Given an array of non-negative integers arr, you are initially positioned at start index of the array. When you are at index i, you can jump to i + arr[i] or i - arr[i], check if you can reach to any index with value 0.

Notice that you can not jump outside of the array at any time.

Input: arr = [4,2,3,0,3,1,2], start = 5
Output: true
Explanation: 
All possible ways to reach at index 3 with value 0 are: 
index 5 -> index 4 -> index 1 -> index 3 
index 5 -> index 6 -> index 4 -> index 1 -> index 3

Ideas

We know that we are performing a search mechanism. That means, we are using DFS or BFS.

To visualize the whole picture on how to tackle this problem, we can imagine there is a binary tree shown as follow.

Binary Tree of [4,2,3,0,3,1,2]

Findings:

• Orange circles are duplicated, we don’t want to go through it twice. We need a Set to check existence.
• Since it’s a binary tree, performance looks better if we use BFS.
• To perform BFS, we need a Queue.

The edge case are:

1. index < 0
2. index > arr.length-1
3. index existed in set

BFS operation

BFS travels tree level by level, which means we are processing the tree from left to right → top to bottom.

But how does the tree being constructed? We loop through the Queue and pretend there is a binary tree!

Queue operates on First-In, First-Out(FIFO) principle. We push related values to the Queue every time we process the first element in the Queue.

To perform BFS, we need the following steps.

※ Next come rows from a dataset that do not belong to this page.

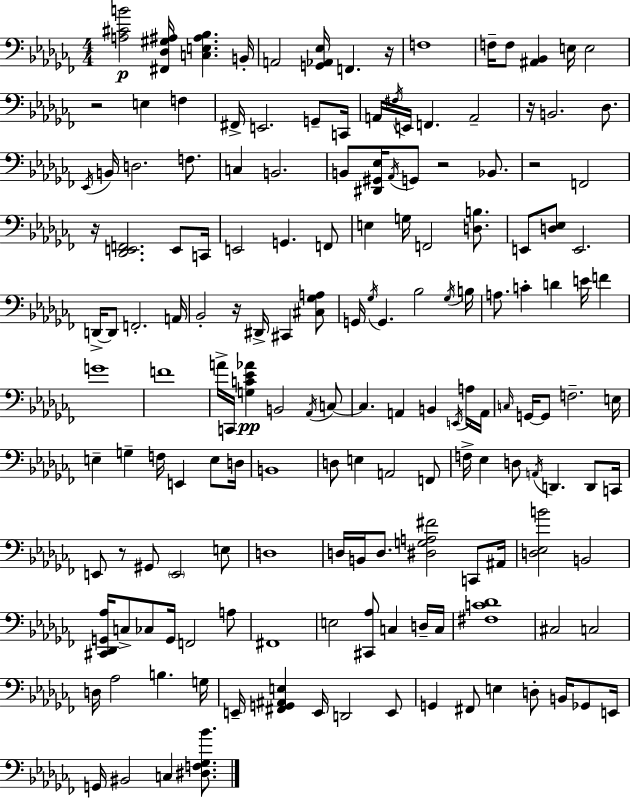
{
  \clef bass
  \numericTimeSignature
  \time 4/4
  \key aes \minor
  \repeat volta 2 { <a cis' b'>2\p <fis, des gis ais>16 <c e ais bes>4. b,16-. | a,2 <g, aes, ees>16 f,4. r16 | f1 | f16-- f8 <ais, bes,>4 e16 e2 | \break r2 e4 f4 | fis,16-> e,2. g,8-- c,16 | a,16 \acciaccatura { fis16 } e,16 f,4. a,2-- | r16 b,2. des8. | \break \acciaccatura { ees,16 } b,16 d2. f8. | c4 b,2. | b,8 <dis, gis, ees>16 \acciaccatura { aes,16 } g,8 r2 | bes,8. r2 f,2 | \break r16 <des, e, f,>2. | e,8 c,16 e,2 g,4. | f,8 e4 g16 f,2 | <d b>8. e,8 <d ees>8 e,2. | \break d,16->~~ d,8 f,2.-. | a,16 bes,2-. r16 dis,16-> cis,4 | <cis ges a>8 g,16 \acciaccatura { ges16 } g,4. bes2 | \acciaccatura { ges16 } b16 a8. c'4-. d'4 | \break e'16 f'4 g'1 | f'1 | a'16-> c,16 <g c' ees' aes'>4\pp b,2 | \acciaccatura { aes,16 } c8~~ c4. a,4 | \break b,4 \acciaccatura { e,16 } a16 a,16 \grace { c16 } g,16~~ g,8 f2.-- | e16 e4-- g4-- | f16 e,4 e8 d16 b,1 | d8 e4 a,2 | \break f,8 f16-> ees4 d8 \acciaccatura { a,16 } | d,4. d,8 c,16 e,8 r8 gis,8 \parenthesize e,2 | e8 d1 | d16 b,16 d8. <dis g a fis'>2 | \break c,8 ais,16 <d ees b'>2 | b,2 <cis, des, g, aes>16 c8-> ces8 g,16 f,2 | a8 fis,1 | e2 | \break <cis, aes>8 c4 d16-- c16 <fis c' des'>1 | cis2 | c2 d16 aes2 | b4. g16 e,16-- <fis, g, ais, e>4 e,16 d,2 | \break e,8 g,4 fis,8 e4 | d8-. b,16 ges,8 e,16 g,16 bis,2 | c4 <dis f ges bes'>8. } \bar "|."
}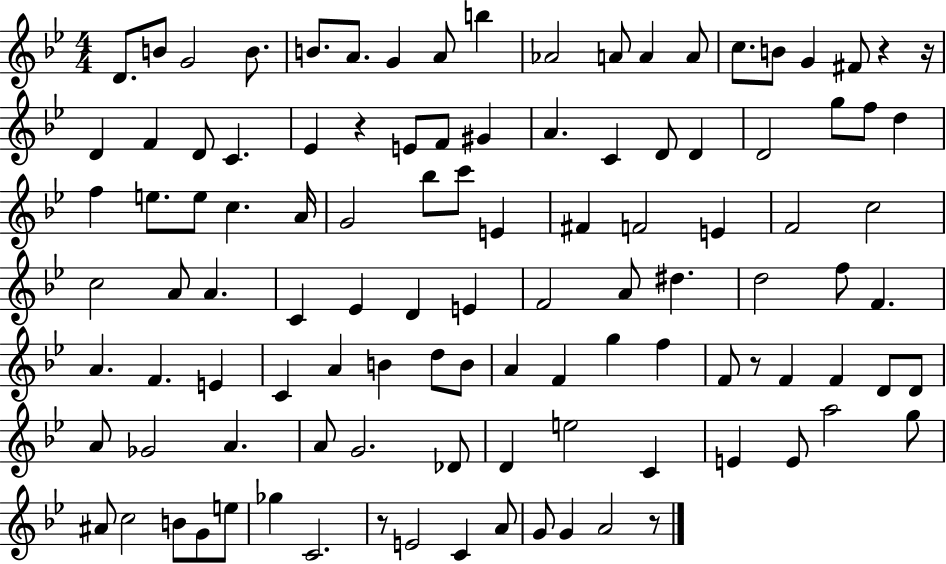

1. Create an array — queue, initialize it with [start]
2. Use while loop to loop through the queue until there is no element inside
3. Remove the first element and store in a variable — current
4. Check if current hit the target
5. Early return if we hit
6. Add related children to the queue
7. If we can exit the while loop, that means we can’t hit the target

Code

let checkAvailable = function(maxIndex, existedSet, targetIndex){
    if (targetIndex < 0 || targetIndex > maxIndex || existedSet.has(targetIndex)) return false;
    return true;
}
/**
 * @param {number[]} arr
 * @param {number} start
 * @return {boolean}
 */
var canReach = function(arr, start) {
    // initialization
    let maxIndex = arr.length - 1;
    let queue = [];
    queue.push(start);
    let existedSet = new Set();
    
    // loop through the queue
    while (queue.length > 0){
        // target in this loop
        let current = queue.shift();
        
        // hit
        if (arr[current] === 0){
            return true;
        }
        // Add travelled index to set
        existedSet.add(current);
        
        let larger = current + arr[current];
        let smaller = current - arr[current];
        if (checkAvailable(maxIndex, existedSet, larger)){
            // Add element to the loop
            queue.push(larger);
        }
        if (checkAvailable(maxIndex, existedSet, smaller)){
            // Add element to the loop
            queue.push(smaller);
        }
        
    }
    // We can't hit 0
    return false;
};

Result

One of the fastest solution